(RECORDS SHOWN begins)

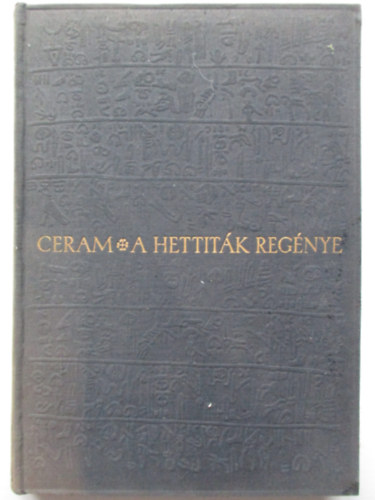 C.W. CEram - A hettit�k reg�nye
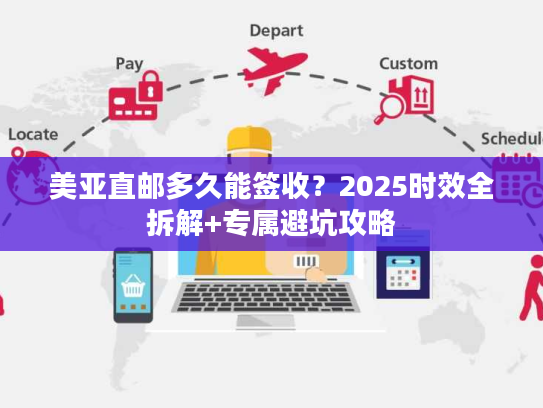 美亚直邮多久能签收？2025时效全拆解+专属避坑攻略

(RECORDS SHOWN ends)
(RECORDS SHOWN begins)

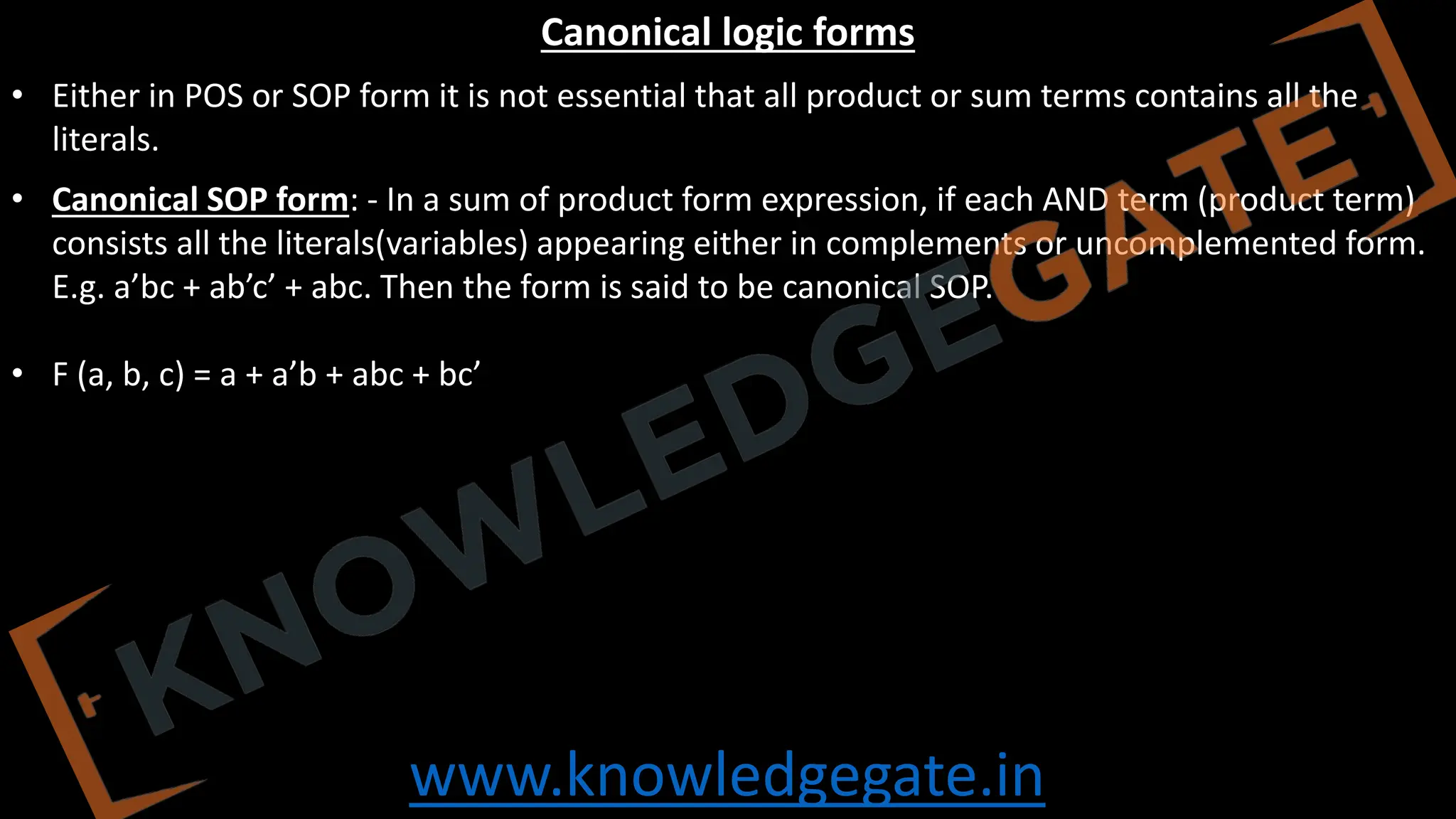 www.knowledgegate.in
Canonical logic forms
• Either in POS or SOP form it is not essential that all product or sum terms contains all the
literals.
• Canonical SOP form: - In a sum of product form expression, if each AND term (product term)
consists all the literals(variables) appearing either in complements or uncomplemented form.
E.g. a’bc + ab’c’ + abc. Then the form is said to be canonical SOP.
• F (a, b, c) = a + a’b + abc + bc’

(RECORDS SHOWN ends)

▶ [WHAT THE TASK REQUIRES]: Because only one stretch of the records is wanted, please output the lines from the one holding "C.W. CEram - A hettit�k reg�nye" through the one holding "美亚直邮多久能签收？2025时效全拆解+专属避坑攻略" exactly, both included, and leave every picture out.

▶ [RESULT FOR THIS TASK]:
 C.W. CEram - A hettit�k reg�nye
 美亚直邮多久能签收？2025时效全拆解+专属避坑攻略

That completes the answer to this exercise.